- Between the sky-high cost and student loan burden, more students are taking a closer look at college's return on investment.
- When it comes to value, what you study may be the most important factor.
- Graduates entering the workforce with good career prospects and high starting salaries are the most satisfied with their major, according to job site ZipRecruiter.
Even with college application season in full swing, many families are questioning whether a four-year degree is still worth it.
Some experts say the value of a bachelor's degree is fading and more emphasis should be directed toward career training. A growing number of companies, including many in tech, are also dropping degree requirements for many middle-skill and even higher-skill roles.

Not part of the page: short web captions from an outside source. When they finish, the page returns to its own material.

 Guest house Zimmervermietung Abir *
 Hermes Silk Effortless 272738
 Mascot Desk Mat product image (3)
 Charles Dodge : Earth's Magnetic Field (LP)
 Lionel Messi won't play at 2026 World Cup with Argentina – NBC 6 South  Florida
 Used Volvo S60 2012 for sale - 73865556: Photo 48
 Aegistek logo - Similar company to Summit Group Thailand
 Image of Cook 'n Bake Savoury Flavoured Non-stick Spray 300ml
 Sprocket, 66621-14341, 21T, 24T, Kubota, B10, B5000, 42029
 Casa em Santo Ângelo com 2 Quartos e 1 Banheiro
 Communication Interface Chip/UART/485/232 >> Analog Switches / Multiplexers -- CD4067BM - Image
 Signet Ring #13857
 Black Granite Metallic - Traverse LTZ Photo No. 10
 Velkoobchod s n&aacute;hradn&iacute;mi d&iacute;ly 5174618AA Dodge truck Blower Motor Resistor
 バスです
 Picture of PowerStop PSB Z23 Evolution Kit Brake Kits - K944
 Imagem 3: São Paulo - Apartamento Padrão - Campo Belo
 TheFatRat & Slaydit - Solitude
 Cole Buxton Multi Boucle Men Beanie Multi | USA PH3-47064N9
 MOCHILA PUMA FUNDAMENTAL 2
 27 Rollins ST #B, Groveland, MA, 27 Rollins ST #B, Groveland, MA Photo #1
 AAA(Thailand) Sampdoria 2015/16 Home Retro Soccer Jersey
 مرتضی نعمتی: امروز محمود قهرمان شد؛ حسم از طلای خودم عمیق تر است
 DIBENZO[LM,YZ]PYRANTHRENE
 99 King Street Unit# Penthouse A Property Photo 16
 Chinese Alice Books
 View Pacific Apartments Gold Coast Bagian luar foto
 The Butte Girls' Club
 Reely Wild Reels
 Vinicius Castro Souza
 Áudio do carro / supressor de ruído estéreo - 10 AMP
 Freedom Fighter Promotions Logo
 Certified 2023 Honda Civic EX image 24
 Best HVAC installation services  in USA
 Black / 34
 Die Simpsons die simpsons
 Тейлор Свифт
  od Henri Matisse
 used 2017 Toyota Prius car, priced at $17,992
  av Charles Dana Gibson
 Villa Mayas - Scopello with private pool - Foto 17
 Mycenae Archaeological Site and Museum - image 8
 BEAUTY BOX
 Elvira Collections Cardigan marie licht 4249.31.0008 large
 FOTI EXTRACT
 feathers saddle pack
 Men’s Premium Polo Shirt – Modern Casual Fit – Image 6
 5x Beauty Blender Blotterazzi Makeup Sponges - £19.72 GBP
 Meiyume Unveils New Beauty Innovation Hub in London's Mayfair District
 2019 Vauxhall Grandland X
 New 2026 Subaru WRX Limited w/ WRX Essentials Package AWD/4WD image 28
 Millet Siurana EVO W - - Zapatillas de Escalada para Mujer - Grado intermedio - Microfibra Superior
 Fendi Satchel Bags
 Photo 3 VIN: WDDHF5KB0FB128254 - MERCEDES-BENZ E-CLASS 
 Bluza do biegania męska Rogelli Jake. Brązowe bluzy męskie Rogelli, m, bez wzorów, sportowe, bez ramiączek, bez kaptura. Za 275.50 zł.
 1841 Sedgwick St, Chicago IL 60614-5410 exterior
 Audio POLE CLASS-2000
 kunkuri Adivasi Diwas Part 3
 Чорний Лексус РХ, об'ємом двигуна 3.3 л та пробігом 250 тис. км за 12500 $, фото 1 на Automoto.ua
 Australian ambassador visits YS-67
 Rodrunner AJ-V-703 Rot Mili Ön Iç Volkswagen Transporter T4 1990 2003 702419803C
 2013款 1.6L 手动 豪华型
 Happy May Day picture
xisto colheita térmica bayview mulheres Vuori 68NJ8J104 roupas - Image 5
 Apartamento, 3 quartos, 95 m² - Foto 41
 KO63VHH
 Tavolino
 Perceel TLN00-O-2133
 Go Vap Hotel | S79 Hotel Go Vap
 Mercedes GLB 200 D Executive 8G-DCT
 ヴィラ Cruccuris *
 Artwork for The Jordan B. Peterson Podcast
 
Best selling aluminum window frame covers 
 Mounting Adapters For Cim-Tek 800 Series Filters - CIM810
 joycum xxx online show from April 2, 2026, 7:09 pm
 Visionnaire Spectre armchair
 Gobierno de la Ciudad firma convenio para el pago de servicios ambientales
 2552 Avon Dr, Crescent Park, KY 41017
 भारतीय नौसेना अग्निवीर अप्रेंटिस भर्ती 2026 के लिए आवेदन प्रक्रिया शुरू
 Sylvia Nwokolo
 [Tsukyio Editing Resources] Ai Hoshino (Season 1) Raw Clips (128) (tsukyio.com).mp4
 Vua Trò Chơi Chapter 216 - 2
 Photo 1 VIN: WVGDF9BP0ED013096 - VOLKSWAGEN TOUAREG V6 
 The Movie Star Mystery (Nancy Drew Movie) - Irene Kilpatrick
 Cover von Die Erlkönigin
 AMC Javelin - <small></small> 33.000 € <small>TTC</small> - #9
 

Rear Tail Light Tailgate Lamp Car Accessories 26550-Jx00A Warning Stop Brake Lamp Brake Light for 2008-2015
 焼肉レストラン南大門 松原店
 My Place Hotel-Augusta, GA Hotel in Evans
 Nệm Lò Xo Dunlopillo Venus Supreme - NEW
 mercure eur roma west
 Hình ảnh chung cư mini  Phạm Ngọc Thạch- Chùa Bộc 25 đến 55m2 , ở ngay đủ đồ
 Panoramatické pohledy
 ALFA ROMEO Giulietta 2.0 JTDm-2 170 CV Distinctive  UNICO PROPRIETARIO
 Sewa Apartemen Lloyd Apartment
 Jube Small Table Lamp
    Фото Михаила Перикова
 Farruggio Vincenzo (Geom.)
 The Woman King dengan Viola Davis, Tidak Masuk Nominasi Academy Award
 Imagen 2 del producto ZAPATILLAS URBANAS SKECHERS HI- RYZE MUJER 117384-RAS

However, earning a degree is almost always worthwhile, according to "The College Payoff," a report from the Georgetown University Center on Education and the Workforce.
Bachelor's degree holders generally earn 84% more than those with just a high school diploma, the report said — and the higher the level of educational attainment, the larger the payoff.
When broken down by areas of study, however, the difference is striking. Students who pursue a major specifically in science, technology, engineering and math — collectively known as STEM disciplines — are projected to earn the most overall.
In addition to STEM, health and business majors are among the highest-paying, leading to average annual wages that are higher at the entry level and significantly greater over the course of a career compared with liberal arts and humanities majors, the Georgetown Center found.
Still, 44% of all job seekers with college degrees regret their field of study.
Journalism, sociology, communications and education all topped the list of most-regretted college majors, according to ZipRecruiter's survey of more than 1,500 college graduates who were looking for a job.
Although students may be drawn to those fields while they're in school for reasons beyond salary and job security, "when we graduate, reality hits," said Sinem Buber, ZipRecruiter's lead economist.
"When you are barely managing to pay your bills, your paycheck might become more important."
Of graduates who regretted their major, most said that, if they could go back, they would now choose computer science or business administration instead.
All in, the top-paying college majors earn $3.4 million more than the lowest-paying majors over a lifetime.
Graduates entering the workforce with good career prospects and high starting salaries are the most satisfied with their field of study, job site ZipRecruiter also found.
Computer science majors, with an average annual starting salary of almost $100,000, were the happiest overall, according to ZipRecruiter.
Students who majored in criminology, engineering, nursing, business and finance also felt very good about their choices.
Career outcome sets the tone, said Buber. "Pay is still most important," she said, but "job security is now becoming more important. That happens whenever we have the fear of a recession."